Memory of fleeing abusive relationship sparked creation of organization to support women
Like many women, Kathleen McMullin reinvented herself because she had no choice. She fled an abusive relationship with three young children in tow. It was 1978 – before food banks and single-parent resource centres existed. She was 33 and, for the sake of her children, decided she had to make a new life. “It’s one of those things you kind of think about for a long time, but you never know how you’re going to do it and then, all of a sudden, it’s like now or never,” she said. “Frightening as it was, it’s that basic thing that you learned in basic biology – fight or flight – and I didn’t have any fight in me left, so I thought, it’s got to be flight. You’re down to that basic level and it’s survival.” Kathleen came to Victoria because she had been to university here in the 1960s, but didn’t really know anyone. She had been a teacher, but when she called to get on the substitutes list, she was going to be number 283.

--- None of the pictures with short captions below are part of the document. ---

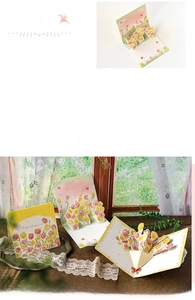 Detail showing colorful 3D pop-up floral greeting cards in a cozy lifestyle setting
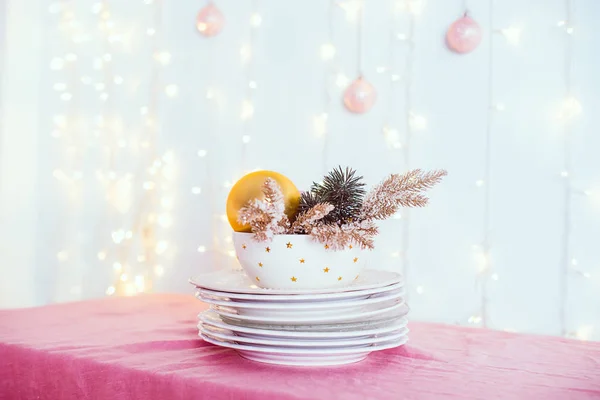 Christmas table setting. Not served white dishes with gold decor and fir-tree on pink tablecloth with blurred lights and new year balls on wall. Festive background. Soft selective focus. Copy space. — Stock Photo, Image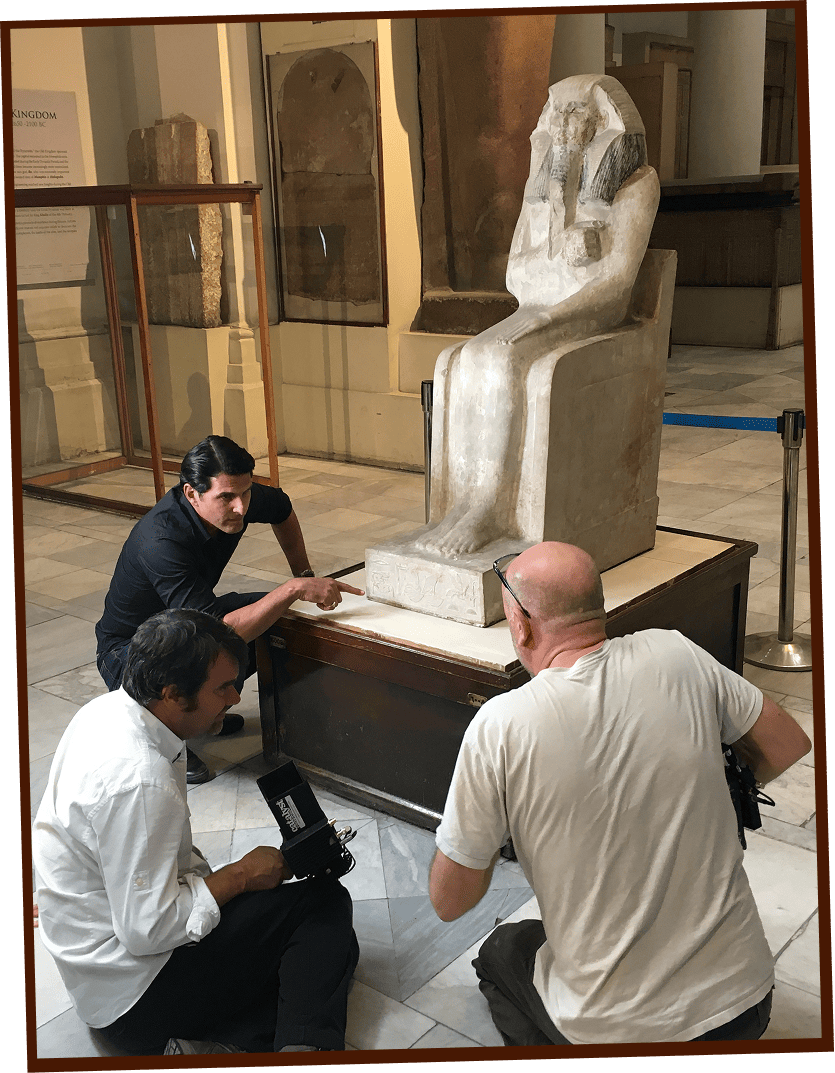 Three men examine and photograph a large seated stone statue inside a museum, focusing on details at the statue’s base.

“We’ll starve to death before the phone rings,” she thought. She managed to find a government assistance program to sponsor her to take legal secretary training at Camosun College. But when she finished 10 months later and was ready for job interviews, she had nothing appropriate to wear and no money to buy anything. “When you’re on welfare and going to school, with three kids, you’re doing this juggling thing (with money) all the time: Pay the milk bill this month, now I won’t pay the phone. I’ll pay the hydro. Next month, I’ll pay the phone and I won’t pay for the milk. It’s just a constant juggling,” she says. “I didn’t even have enough money to buy a pair of nylons, let alone an outfit.” Desperate, she swallowed her pride, and she went to the mom of one of her daughter’s girlfriends because she looked to be about the same size. “I had seen her at some school functions of my daughter, where she came from work and she was dressed nicely, in a business suit. So, I thought, I guess I’ll go and ask her. So I did. It was hard. It was humiliating.” Years later, when she was semi-retired, she heard about a program that helped women who needed clothing for a job interview, just like she had. That organization was a franchise and it would cost $5,000 to start a chapter in Victoria. Instead, Kathleen and a small group of women raised funds and started their own non-profit society, called Wear2Start, officially incorporated Sept. 17, 2001. Kathleen was the society’s first president. Thanks to that small start, many hundreds of women have received a work wardrobe to help them take a first step in transforming their lives.